Mosta Launches MainUSD Stablecoin For Global Settlement
Stablecoin supply sits near $321 billion. USDT and USDC hold more than 80% of that base. The remaining slice — roughly $60 billion across every other issuer — is where the structural shift is accelerating.
Marcus Thorne·updated June 23, 2026

The Issuance Stack
MainUSD is not a Tether competitor in the traditional sense. It is a settlement instrument bundled into a business banking product. Mosta co-founder Denis Spasio framed the launch around fungibility between fiat and stablecoin rails: customers convert incoming funds or crypto into a single MainUSD balance, then exit through either channel. Swaps, according to the company, can reach zero fees depending on the plan. Mosta already supports USDT and USDC; EURC is said to be coming. Brale handles the regulatory compliance, reserve management, and issuance infrastructure — the part that, a few years ago, was the barrier to entry for any non-Tether, non-Circle issuer.
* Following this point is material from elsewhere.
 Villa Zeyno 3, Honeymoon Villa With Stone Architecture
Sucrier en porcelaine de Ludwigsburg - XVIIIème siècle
The economics of that stack matter. Brale sells the hard part as a service. MoneyGram launched MGUSD in June through Stripe's Bridge. Mastercard agreed to acquire BVNK for up to $1.8 billion. Stripe, Circle, Visa, and PayPal are all building proprietary settlement rails. The pattern is uniform: incumbents and fintechs are absorbing stablecoin issuance as a feature layer, not a core business.
The Liquidity Delta
The underlying flow data explains the move. Per figures compiled by Reap, stablecoin payment volume reached roughly $390 billion in 2025, more than double the prior year. Business-to-business stablecoin flows grew over 700% to above $3 billion per month by year-end. Sami Start of Transak noted on the On The Margin podcast that retail crypto activity has cooled while institutional stablecoin adoption for real-world use cases continues to expand — the two cycles have decoupled.
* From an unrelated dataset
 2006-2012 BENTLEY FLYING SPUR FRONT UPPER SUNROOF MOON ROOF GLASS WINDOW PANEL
For Tether specifically, the implication is structural, not existential. USDT remains the dominant settlement asset by volume, but the issuance layer is being commoditized. Anton Lobintsev, speaking on the same podcast, described Tether as the largest real-world asset on-chain — "they tokenize the dollar" — but acknowledged that logic is now propagating downstream. When minting a dollar token becomes a product feature rather than a moonshot, USDT's competitive moat shifts from issuance technology to distribution, liquidity depth, and reserve attestation cadence.
What To Track
Three data points warrant monitoring as MainUSD and its cohort reach the market:
- Reserve attestation frequency and structure for Brale-issued tokens. The provider's compliance architecture is the actual risk surface, not Mosta's brand.
- Cross-rail settlement volume between MainUSD, USDT, and USDC inside the Mosta platform. A non-zero net flow into MainUSD at the expense of USDT would signal demand elasticity at the corporate treasury level.
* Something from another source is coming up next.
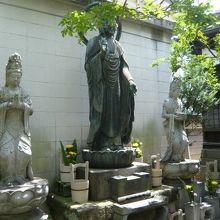 宗周院の観音像の３体です。わらかな笑みのもと、やさしさの感じ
- EURC integration timing. If Mosta follows through, it tests whether a single issuer can hold meaningful share across multiple fiat-denominated stables without diluting liquidity per pair.
The broader signal: the $321 billion stablecoin base is becoming an infrastructure layer, not a product category. USDT still anchors it. The marginal entrant no longer threatens that anchor directly — it competes for the settlement fee capture that Tether historically commanded.